Location: 3 nm off Moore River mouth

GPS Positions.

Bow: S31° 21.567' / E115° 26.833'

Stern: S31° 21.552' / E115°26.887'

Site depth: 5-8 metres

Divable conditions: Swell <1.5 metres

Visibilty: 5-15 metres

Vessel: 4 masted barque

Construction: Iron

Tons: 1303

Vessel length: 66.9

Wreck event: 1901, ran aground in poor visibility

The Ville De Rouen was built by Atel & Chant de la Loire in St Nazaire, France. The vessel was a 4 masted barque, one of only a small number of 4 mast vessels lost on the West Australian coast. These large sailing ships were among the last of the sailing freight era that died out in the early 20th century.

The Ville De Rouen had sailed from Cardiff carrying a load of pig iron, fire bricks and alcohol to be delivered to Fremantle. On the October 28, 1901 the vessel ran aground on a reef north of the town of Guilderton, 80 kilometres north of Fremantle. The French consul had cleared Captain Barthelmelds of all blame regarding the wrecking event due to strong currents pushing the vessel off course and restricted visibility when approaching Fremantle in the night. The first vessel to render assistance was sent away by the crew and Captain and it was said that the crew were also found on the beach, more occupied with drinking the cargo then salvaging the vessel after they had abandoned ship. When the captain and crew reluctantly were taken to Fremantle, two crew had been left on site to retain salvage of the vessel however, when the Captain returned the crew had left and the vessel was found almost completely submerged, with its masts still upright with some of her sails still set. It had however shifted position and drifted a kilometre to its final resting place where it lies today.

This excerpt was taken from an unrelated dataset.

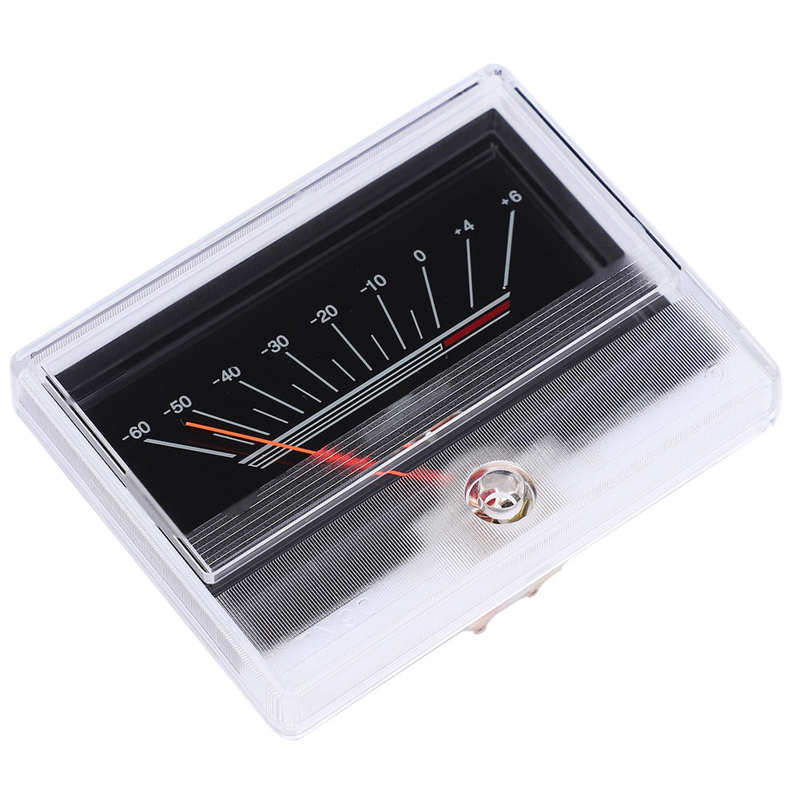 TN-90A-BGB-S0538 Mini High Accuracy VU Meter DB Amplifier Level Audio Meter with Backlight for DIY Home Audio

The Ville De Rouen wreck is situated almost directly west of the Moore River mouth and the coastal town of Guilderton north of the Perth metro area. The closest and easiest boat launching site is from Two Rocks marina and it is about an 11 nautical mile or 20 kilometre boat trip north to the wreck site which lays 3 nautical miles offshore. The wreck is located on the reef named after the ship, the Ville De Rouen Reef on the north eastern corner of the reef. Given that the ship drifted to its final location it is actually located on the eastern or inshore section of the main reef, on the western edge of a reef shelf that runs north to south. The wreck lays with its bow pointing west in the sand at 9 metres depth with the stern and bulk of the wreck laying on the reef in around 5-7 metres. Although east of the main reef, the site still gets hit by the swell and it's best dived in low swell conditions.

The wreck site is a great wreck to dive, like most century old sites in swell the ships structure has been flattened and reclaimed by the reef but the amount and size of ships fittings, masts and deck machinery make the dive very attractive. Some of the mast sections on the wreck are huge compared to other wrecks and are found towards the southern edge of the site, the best anchor site is near the bow in the deep, flat sand area immediately west of the bow GPS mark and the wreck runs roughly southwest to northeast from that location.